Give the records again exactly. Pictures do not belong in the copy.

● **DATA TO PROCESS**:
┄┄┄┄┄┄

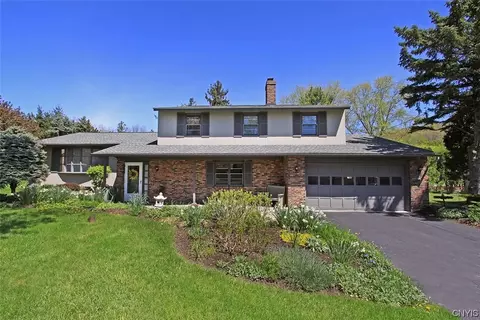 6319 Danbury Dr, Jamesville, NY 13078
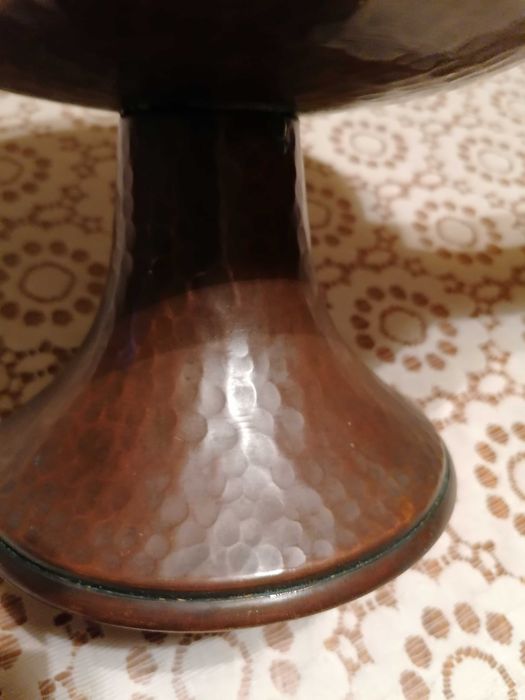 Старинна ръчно изработена медна фруктиера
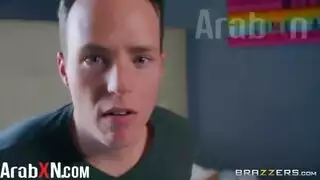 زوجة الأب تغوي ابن الزوج آفا آدمز في فعل إباحي صريح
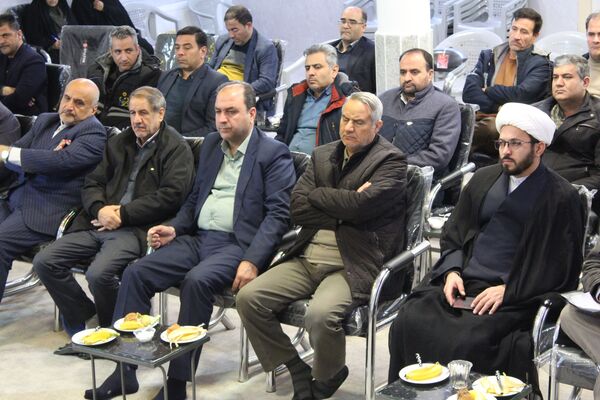 مراسم تجلیل امام جمعه از مسئولان ادارات همکار در میزخدمت نیشابور 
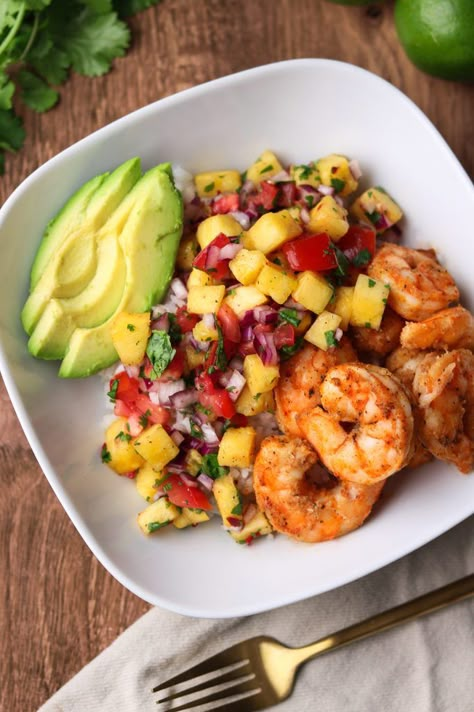 Shrimp & Rice Bowl w/ Pineapple Salsa - CookWithCi Shrimp Rice Bowl, Delicious Cupcakes Recipes, Shrimp Rice, Avocado Crema, Marinated Shrimp, Peach Lemonade, Avocado Cream, Shrimp And Rice, Delicious Cupcakes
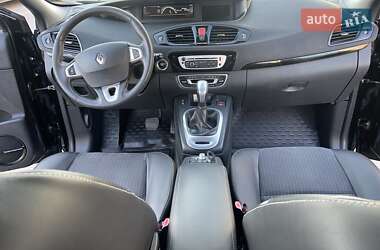 Минивэн Renault Grand Scenic 2012 в 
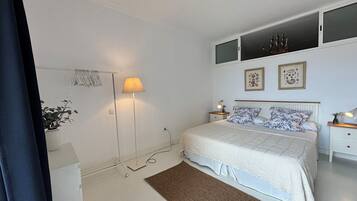 2 Schlafzimmer, Bügeleisen/Bügelbrett, Reisekinderbett, kostenloses WLAN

┄┄┄┄┄┄

● **RESULT**:
 6319 Danbury Dr, Jamesville, NY 13078
 Старинна ръчно изработена медна фруктиера
 زوجة الأب تغوي ابن الزوج آفا آدمز في فعل إباحي صريح
 مراسم تجلیل امام جمعه از مسئولان ادارات همکار در میزخدمت نیشابور 
 Shrimp & Rice Bowl w/ Pineapple Salsa - CookWithCi Shrimp Rice Bowl, Delicious Cupcakes Recipes, Shrimp Rice, Avocado Crema, Marinated Shrimp, Peach Lemonade, Avocado Cream, Shrimp And Rice, Delicious Cupcakes
 Минивэн Renault Grand Scenic 2012 в 
 2 Schlafzimmer, Bügeleisen/Bügelbrett, Reisekinderbett, kostenloses WLAN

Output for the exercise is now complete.